Did you see it?
The Panorama programme investigating the human cost of cheap clothes.
If you missed it, you can catch it again here.
I have blogged about the ethics of clothes buying before and the whole can of worms that it opens, and I think it’s really important that more people are aware of the real cost of their clothes.
The programme focussed on the factories, and the workers, and the retailers and their responsibilities to the workers.
The people are paid very poorly to produce very cheap clothes for us in the West.
The retailers want to be able to supply cheap clothes, and also want to be seen to be doing the right thing.
So they introduce Codes of Conduct for the factories, but all that happens is that the factories tell the buyers what they want to hear, and produce a fabricated set of accounts and working hours. They tick the boxes, and the buyers pretend that they believe that is what is really happening, because they cannot supply cheap clothes any other way.
Some of the workers were sat at machines for 18 or 19 hours a day.
The factories would argue that the workers ‘volunteer’ to do overtime, either for the extra money, or to hit their ridiculously high target outputs.
But for the workers, it’s not really a choice.
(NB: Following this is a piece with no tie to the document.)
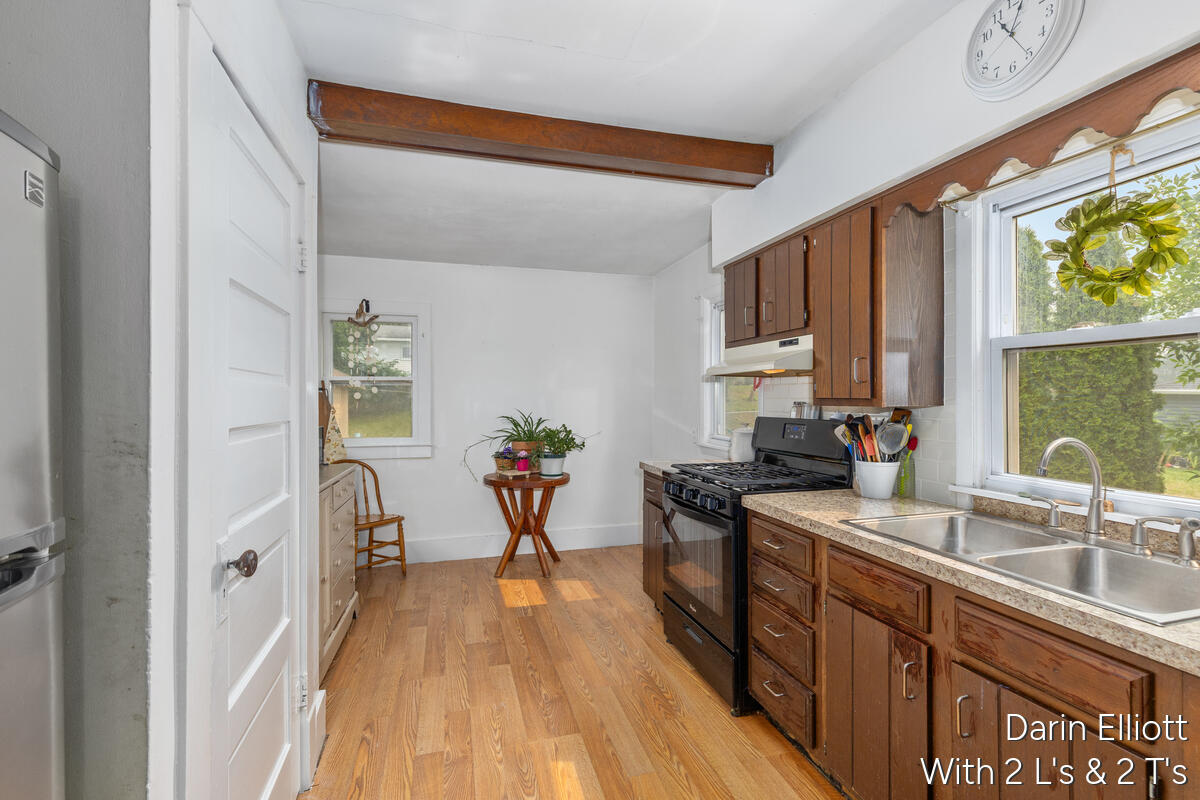 910 W Lincoln Avenue Property Photo 11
They have to feed their families, so they stay on and work to earn the extra pittance that that provides.
There is much talk at the moment about getting all the big retailers to sign up for Bangladesh Safety Accord in the aftermath of the tragic factory collapse, but with my cynical head on, I find myself asking “what will this actually change, for the people at the sewing machines?”
If there are already Codes of Conduct in place, which are being ignored, as long as the right boxes are ticked, how can we ensure this not just another box ticking exercise for the retailers and those in charge of the factories?
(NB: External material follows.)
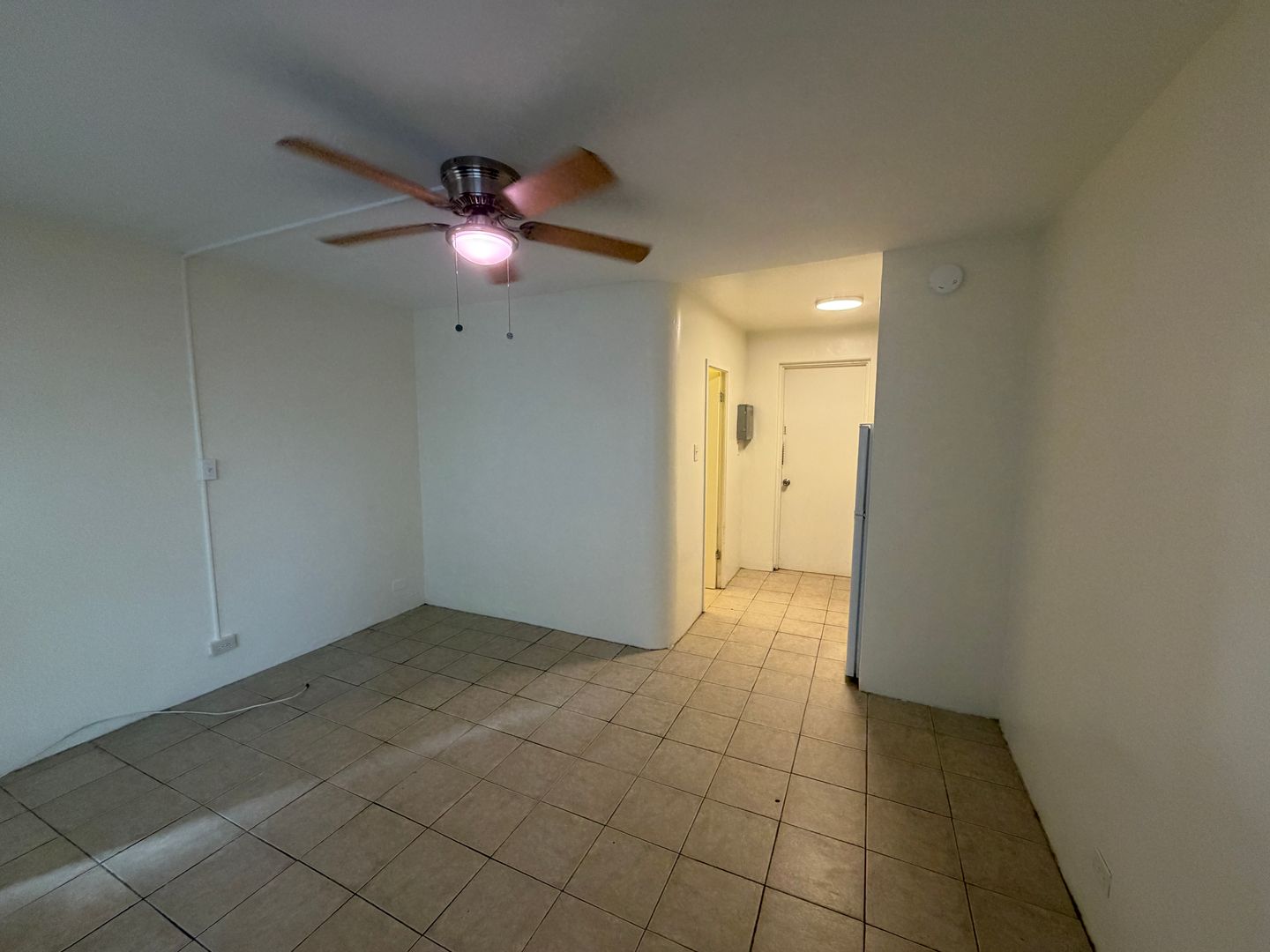 Honolulu Apartment: 2319 Ala Wai Boulevard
And for all this pressure on the retailers, where does our responsibility as consumers lie?
When did clothing become so disposable?
When you think about all the aspects of garment manufacture-from growing and harvesting the cotton, making and dying the fabric, making the t-shirt, transporting it over here, and then selling it, how can this EVER cost just £1.50 for a t-shirt?
Did we, as consumers, demand cheap clothes, which the likes of Primark then supplied, or did they start to supply cheap clothes, and we, not really thinking about how it was possible to make clothes so cheaply, happily flocked to the stores, to save ourselves some money?
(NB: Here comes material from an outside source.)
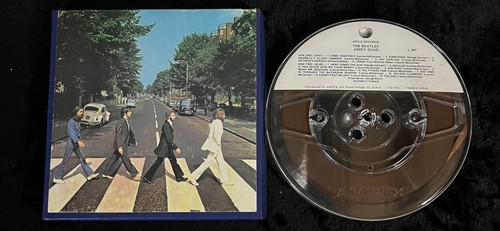 Reel tape the - to, tape-the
If we stopped buying/demanding cheap clothes, would the workers end up being paid anymore? Or would we just pay more, and the retailers would pocket the difference?
And it’s not just the cut price retailers that are at fault, clothing from GAP and Edinburgh Woollen Mill, was found at the factories investigated in the Panorama programme, so you can;t just shop at more expensive stores and salve your conscience.
But then, if we don’t buy High St clothes at all, this is depriving the people who make them of the (very small amount) of money that they do make.
What I would like to know, is how much extra, per garment, would we all have to pay, to mean that a real living wage can be paid to those making our clothes?
And how can we guarantee that this extra money is actually going to the workers, and improving their working conditions, rather than boosting the profits of the retailers.
This is a massive issue, that affects each and every one of us.
It is an issue that I can’t see any straightforward, easy answers to.
I think we all need to buy less, and buy better.
If clothes were more expensive, we would respect them more, and look after them better, and not be so keen to throw them out as the fashions and the seasons change.
Personally, for now, I am sidestepping the issue, by buying my clothes secondhand. And the clothes that I do buy new, I will buy from ethical retailers, and will pay significantly more for them.
But I don’t know what the answers are long term.
I do know though, that things need to change AT EVERY LEVEL.
The manufacturers, the retailers, and us, as consumers, all need to take action.